Collected data:
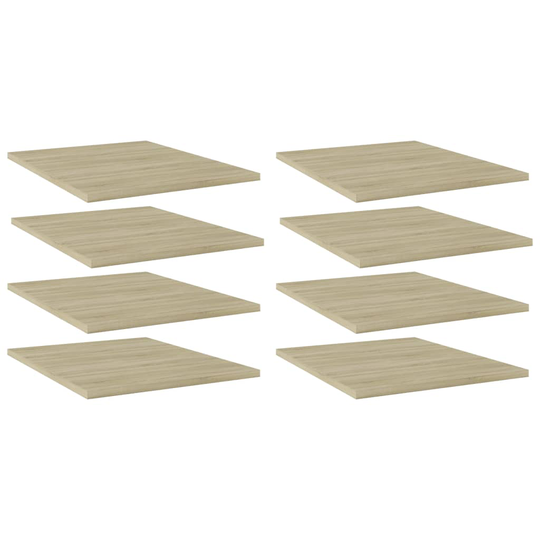 vidaXL Kirjahyllytasot 8 kpl Sonoma tammi 40x50x1,5 cm lastulevy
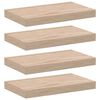 vidaXL Mensole Pensili 4 pz 40x23,5x4 cm in Truciolato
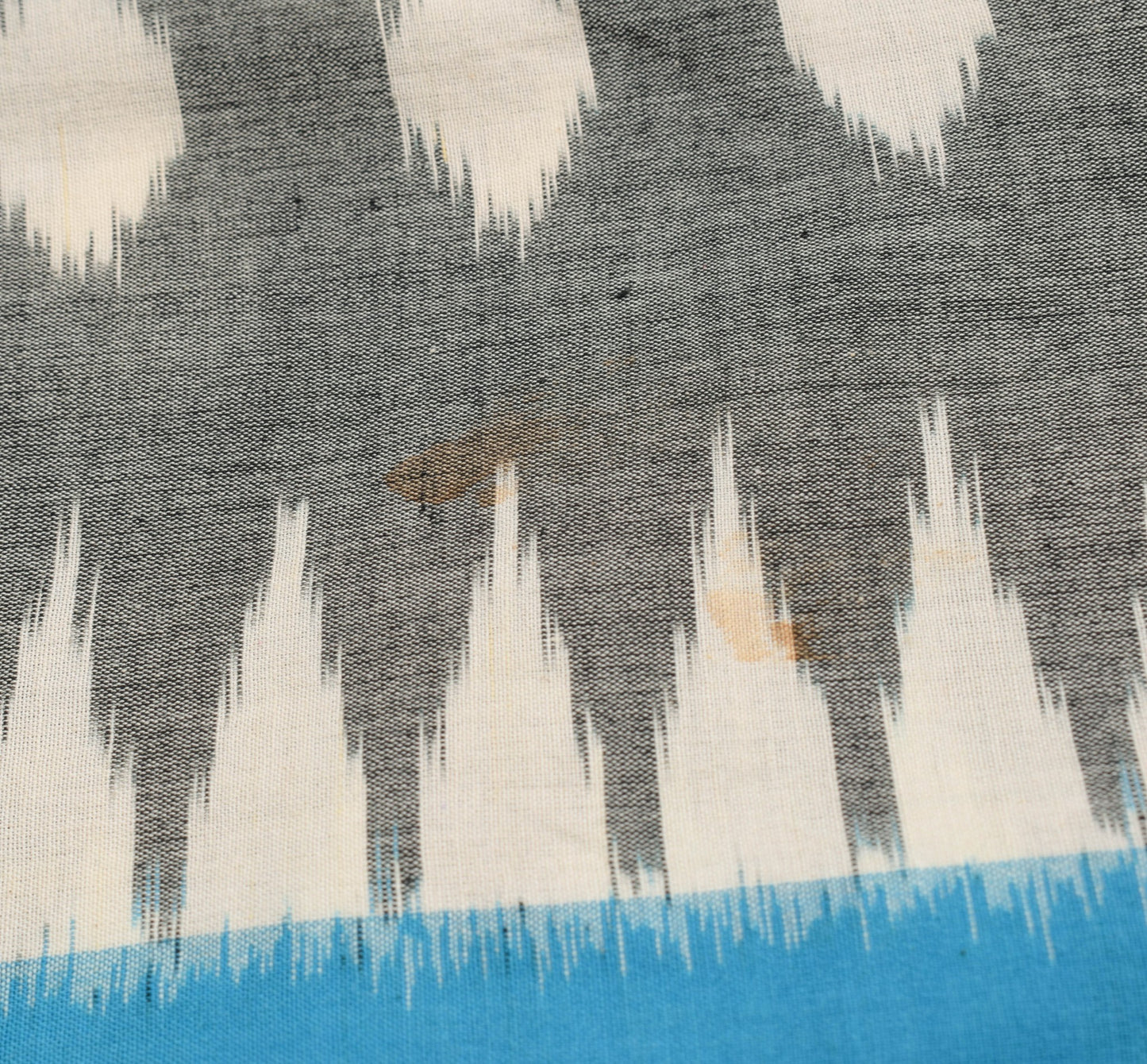 Sushila Vintage Pure Cotton Cream Saree Hand Woven Ikat Patola Sari Craft Fabric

Activity: None of the pictures belong in the copy; transcribe the rest of the data exactly.

Result for this exercise:
 vidaXL Kirjahyllytasot 8 kpl Sonoma tammi 40x50x1,5 cm lastulevy
 vidaXL Mensole Pensili 4 pz 40x23,5x4 cm in Truciolato
 Sushila Vintage Pure Cotton Cream Saree Hand Woven Ikat Patola Sari Craft Fabric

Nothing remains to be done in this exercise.